[Stored dataset items]
+++++

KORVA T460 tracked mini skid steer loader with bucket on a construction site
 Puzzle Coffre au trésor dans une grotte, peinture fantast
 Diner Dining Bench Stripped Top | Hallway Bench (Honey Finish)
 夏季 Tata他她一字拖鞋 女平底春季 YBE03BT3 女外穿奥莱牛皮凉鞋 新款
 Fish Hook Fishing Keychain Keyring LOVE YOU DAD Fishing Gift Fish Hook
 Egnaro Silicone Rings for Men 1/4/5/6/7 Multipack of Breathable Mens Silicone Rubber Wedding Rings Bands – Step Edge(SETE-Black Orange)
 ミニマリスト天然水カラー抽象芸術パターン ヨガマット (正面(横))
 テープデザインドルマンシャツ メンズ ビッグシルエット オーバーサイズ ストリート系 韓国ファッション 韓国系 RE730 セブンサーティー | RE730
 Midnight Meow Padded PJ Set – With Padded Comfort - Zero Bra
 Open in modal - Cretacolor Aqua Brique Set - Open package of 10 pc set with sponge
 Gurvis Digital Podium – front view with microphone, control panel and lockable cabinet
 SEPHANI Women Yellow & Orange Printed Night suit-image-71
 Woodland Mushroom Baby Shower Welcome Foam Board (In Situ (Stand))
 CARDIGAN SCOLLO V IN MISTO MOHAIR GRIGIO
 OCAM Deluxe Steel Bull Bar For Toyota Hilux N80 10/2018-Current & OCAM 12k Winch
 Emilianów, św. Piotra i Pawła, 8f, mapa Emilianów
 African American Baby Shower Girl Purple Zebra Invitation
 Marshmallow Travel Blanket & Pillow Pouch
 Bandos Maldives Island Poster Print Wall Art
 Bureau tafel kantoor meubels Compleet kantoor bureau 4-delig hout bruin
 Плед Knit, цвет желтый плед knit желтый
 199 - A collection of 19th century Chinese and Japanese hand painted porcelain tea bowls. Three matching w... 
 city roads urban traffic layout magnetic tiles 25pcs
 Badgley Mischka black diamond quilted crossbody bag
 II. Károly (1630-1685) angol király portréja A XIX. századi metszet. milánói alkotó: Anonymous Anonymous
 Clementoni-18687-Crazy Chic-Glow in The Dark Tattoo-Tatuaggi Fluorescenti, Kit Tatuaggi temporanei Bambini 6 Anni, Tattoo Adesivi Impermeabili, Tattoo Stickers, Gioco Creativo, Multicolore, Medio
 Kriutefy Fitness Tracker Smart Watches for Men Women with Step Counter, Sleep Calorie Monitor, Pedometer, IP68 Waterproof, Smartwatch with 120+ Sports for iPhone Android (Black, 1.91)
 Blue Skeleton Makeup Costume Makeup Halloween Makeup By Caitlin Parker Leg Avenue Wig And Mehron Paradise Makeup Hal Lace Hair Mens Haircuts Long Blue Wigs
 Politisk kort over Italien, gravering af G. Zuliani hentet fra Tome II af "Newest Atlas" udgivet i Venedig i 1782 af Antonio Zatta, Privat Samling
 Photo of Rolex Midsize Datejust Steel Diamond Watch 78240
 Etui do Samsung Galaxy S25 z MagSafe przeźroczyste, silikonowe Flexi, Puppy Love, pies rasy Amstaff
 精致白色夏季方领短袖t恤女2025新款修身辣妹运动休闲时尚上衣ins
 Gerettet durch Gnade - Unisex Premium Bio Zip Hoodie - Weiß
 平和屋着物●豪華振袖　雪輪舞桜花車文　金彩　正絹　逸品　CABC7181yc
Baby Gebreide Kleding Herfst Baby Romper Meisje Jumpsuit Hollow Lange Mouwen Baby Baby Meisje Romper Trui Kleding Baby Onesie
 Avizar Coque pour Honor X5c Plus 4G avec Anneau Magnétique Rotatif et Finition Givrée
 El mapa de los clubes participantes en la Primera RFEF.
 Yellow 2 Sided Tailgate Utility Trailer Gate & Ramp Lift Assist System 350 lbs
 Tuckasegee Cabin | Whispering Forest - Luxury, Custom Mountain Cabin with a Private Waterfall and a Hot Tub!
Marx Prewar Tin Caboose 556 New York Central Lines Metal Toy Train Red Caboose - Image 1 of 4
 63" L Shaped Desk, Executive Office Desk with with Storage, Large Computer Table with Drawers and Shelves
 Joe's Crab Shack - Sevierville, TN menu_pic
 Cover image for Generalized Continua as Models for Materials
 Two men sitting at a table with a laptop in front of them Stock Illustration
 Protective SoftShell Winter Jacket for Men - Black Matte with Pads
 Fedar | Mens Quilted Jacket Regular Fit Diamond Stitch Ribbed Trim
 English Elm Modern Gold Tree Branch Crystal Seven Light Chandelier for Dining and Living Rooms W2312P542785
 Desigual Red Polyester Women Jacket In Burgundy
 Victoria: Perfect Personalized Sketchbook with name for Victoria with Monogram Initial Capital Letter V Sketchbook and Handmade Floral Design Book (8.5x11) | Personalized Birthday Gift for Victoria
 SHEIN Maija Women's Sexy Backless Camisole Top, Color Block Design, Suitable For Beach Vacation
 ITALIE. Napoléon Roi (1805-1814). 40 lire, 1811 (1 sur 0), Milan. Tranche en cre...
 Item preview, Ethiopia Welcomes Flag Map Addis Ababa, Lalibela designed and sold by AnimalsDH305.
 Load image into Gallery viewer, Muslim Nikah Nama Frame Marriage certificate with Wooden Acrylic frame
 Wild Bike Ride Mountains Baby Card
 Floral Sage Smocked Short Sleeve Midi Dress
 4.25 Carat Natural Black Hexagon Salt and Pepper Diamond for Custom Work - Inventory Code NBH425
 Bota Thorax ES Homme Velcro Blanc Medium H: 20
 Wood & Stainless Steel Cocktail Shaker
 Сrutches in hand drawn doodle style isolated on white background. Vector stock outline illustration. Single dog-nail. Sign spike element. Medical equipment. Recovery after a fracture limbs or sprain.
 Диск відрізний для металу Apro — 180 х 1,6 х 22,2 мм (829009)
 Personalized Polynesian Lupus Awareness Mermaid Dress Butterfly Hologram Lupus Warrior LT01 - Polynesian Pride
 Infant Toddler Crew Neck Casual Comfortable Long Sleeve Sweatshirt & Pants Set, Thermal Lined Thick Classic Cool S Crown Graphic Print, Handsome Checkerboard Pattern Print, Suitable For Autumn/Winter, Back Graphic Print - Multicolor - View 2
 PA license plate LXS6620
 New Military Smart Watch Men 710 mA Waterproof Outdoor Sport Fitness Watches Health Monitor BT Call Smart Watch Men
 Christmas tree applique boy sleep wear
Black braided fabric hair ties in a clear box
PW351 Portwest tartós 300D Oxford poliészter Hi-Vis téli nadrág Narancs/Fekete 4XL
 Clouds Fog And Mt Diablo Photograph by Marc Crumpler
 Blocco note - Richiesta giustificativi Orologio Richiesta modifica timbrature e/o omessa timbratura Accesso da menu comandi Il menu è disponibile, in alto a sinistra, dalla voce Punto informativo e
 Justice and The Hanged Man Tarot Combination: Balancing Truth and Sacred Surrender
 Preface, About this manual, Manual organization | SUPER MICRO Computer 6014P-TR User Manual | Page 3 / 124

+++++

### Required action
Only those lines of the entries above that run from the line containing "English Elm Modern" to the line containing "SHEIN Maija Women's", both included, should be transcribed exactly.

### Answer to this exercise
 English Elm Modern Gold Tree Branch Crystal Seven Light Chandelier for Dining and Living Rooms W2312P542785
 Desigual Red Polyester Women Jacket In Burgundy
 Victoria: Perfect Personalized Sketchbook with name for Victoria with Monogram Initial Capital Letter V Sketchbook and Handmade Floral Design Book (8.5x11) | Personalized Birthday Gift for Victoria
 SHEIN Maija Women's Sexy Backless Camisole Top, Color Block Design, Suitable For Beach Vacation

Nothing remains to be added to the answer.